● **Assignment**
Taking the line with "Attēlu rezultāti vaicājumam" as the first and the line with "Mustang 2006 thumbnail 7" as the last, set down exactly every line in that range from the entries below, and no more.

*** Records for the task ***

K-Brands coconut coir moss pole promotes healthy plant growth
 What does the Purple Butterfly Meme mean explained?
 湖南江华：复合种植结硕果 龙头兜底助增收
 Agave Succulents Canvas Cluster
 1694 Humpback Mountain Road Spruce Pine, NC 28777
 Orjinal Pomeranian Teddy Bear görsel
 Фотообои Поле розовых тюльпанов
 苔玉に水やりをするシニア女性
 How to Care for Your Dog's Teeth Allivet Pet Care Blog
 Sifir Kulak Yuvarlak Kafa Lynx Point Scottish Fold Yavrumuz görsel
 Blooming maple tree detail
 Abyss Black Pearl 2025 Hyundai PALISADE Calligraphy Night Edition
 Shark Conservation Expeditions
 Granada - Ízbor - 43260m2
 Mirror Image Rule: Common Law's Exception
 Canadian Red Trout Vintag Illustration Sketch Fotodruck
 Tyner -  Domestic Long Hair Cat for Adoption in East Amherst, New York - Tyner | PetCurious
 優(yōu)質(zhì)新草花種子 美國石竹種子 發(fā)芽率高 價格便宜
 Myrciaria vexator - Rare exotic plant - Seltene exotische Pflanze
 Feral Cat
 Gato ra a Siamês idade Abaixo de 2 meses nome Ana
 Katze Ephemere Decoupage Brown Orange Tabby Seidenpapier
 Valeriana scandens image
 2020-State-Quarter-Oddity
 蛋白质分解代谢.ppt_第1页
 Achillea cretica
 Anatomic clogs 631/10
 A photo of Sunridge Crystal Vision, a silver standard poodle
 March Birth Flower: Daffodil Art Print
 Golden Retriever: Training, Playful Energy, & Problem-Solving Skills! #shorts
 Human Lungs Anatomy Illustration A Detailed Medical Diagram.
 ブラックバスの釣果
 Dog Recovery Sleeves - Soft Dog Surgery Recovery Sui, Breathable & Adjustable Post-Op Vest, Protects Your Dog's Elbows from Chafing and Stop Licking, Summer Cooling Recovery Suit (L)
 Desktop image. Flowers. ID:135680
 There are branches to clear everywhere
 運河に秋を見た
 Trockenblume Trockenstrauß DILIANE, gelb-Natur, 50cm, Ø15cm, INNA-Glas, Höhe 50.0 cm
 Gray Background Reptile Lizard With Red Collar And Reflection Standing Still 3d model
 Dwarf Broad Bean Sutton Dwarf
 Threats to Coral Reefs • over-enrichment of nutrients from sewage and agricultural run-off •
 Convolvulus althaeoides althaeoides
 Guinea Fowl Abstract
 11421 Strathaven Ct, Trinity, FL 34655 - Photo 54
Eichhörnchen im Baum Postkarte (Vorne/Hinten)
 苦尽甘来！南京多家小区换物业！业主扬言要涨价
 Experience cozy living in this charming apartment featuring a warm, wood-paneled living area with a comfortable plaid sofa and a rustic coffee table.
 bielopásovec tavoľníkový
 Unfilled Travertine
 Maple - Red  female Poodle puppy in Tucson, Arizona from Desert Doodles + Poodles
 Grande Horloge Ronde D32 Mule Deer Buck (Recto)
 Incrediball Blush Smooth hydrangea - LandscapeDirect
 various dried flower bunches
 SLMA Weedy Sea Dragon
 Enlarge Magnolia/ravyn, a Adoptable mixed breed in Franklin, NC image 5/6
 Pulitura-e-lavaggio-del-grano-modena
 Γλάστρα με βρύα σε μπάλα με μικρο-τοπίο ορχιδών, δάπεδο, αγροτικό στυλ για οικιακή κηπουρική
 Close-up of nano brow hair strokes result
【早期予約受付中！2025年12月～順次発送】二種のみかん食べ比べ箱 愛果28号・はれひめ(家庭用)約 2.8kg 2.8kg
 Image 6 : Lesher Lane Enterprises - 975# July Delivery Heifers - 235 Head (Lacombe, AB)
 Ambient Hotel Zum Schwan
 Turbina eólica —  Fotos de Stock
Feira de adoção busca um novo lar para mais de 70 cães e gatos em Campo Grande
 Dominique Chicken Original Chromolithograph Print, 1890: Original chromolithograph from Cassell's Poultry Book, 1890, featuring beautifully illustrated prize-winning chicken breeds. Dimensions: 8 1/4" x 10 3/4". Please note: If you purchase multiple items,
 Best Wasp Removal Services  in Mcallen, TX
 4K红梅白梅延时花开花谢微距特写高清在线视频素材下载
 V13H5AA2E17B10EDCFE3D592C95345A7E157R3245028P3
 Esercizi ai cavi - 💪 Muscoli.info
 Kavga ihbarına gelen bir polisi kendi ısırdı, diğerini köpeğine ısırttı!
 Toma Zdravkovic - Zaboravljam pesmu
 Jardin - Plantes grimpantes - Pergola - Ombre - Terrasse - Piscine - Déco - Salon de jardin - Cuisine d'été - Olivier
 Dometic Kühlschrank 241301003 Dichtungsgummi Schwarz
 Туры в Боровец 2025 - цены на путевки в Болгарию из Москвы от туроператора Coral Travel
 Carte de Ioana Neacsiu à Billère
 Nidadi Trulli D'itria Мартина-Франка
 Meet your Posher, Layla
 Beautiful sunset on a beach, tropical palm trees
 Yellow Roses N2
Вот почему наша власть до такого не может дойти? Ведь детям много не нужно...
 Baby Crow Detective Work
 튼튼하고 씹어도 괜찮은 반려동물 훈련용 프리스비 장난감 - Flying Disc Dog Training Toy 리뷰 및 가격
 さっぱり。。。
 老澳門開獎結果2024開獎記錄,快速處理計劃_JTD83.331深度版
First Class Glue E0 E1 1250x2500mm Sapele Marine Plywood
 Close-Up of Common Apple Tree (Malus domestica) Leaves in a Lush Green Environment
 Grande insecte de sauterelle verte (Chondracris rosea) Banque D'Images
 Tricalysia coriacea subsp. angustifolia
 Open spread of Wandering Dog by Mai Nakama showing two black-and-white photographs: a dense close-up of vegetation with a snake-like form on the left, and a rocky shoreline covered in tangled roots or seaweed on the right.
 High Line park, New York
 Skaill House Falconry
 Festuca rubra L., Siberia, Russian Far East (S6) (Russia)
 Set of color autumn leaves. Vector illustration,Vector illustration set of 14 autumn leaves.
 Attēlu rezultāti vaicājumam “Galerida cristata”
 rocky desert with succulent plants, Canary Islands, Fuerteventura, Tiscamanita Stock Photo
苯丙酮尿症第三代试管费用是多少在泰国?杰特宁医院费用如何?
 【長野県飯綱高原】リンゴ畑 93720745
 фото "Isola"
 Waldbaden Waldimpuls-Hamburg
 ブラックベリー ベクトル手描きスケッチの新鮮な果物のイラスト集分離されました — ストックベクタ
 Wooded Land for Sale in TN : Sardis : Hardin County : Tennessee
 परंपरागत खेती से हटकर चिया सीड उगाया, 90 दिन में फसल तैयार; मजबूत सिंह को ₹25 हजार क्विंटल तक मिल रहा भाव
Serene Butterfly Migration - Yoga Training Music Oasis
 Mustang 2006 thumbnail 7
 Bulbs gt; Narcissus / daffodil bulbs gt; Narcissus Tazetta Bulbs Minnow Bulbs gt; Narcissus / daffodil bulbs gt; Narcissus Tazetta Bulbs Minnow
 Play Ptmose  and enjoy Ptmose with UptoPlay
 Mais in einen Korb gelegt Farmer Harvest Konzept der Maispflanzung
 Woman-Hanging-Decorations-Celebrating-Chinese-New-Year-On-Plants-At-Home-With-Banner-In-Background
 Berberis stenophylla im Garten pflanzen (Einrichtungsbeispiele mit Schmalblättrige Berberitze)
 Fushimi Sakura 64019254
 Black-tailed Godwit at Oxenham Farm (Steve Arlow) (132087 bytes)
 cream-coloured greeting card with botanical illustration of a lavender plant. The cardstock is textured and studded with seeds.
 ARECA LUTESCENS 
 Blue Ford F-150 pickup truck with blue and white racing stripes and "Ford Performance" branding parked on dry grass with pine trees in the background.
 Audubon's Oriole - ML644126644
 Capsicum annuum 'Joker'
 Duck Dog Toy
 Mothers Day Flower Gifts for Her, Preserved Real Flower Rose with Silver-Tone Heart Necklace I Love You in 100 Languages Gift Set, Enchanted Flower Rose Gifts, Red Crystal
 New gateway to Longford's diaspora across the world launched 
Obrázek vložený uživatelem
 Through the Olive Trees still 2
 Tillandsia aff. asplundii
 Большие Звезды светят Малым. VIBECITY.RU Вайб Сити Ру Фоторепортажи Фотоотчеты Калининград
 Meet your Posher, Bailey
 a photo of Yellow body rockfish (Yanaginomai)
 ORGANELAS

***

● **Result of the exercise**
 Attēlu rezultāti vaicājumam “Galerida cristata”
 rocky desert with succulent plants, Canary Islands, Fuerteventura, Tiscamanita Stock Photo
苯丙酮尿症第三代试管费用是多少在泰国?杰特宁医院费用如何?
 【長野県飯綱高原】リンゴ畑 93720745
 фото "Isola"
 Waldbaden Waldimpuls-Hamburg
 ブラックベリー ベクトル手描きスケッチの新鮮な果物のイラスト集分離されました — ストックベクタ
 Wooded Land for Sale in TN : Sardis : Hardin County : Tennessee
 परंपरागत खेती से हटकर चिया सीड उगाया, 90 दिन में फसल तैयार; मजबूत सिंह को ₹25 हजार क्विंटल तक मिल रहा भाव
Serene Butterfly Migration - Yoga Training Music Oasis
 Mustang 2006 thumbnail 7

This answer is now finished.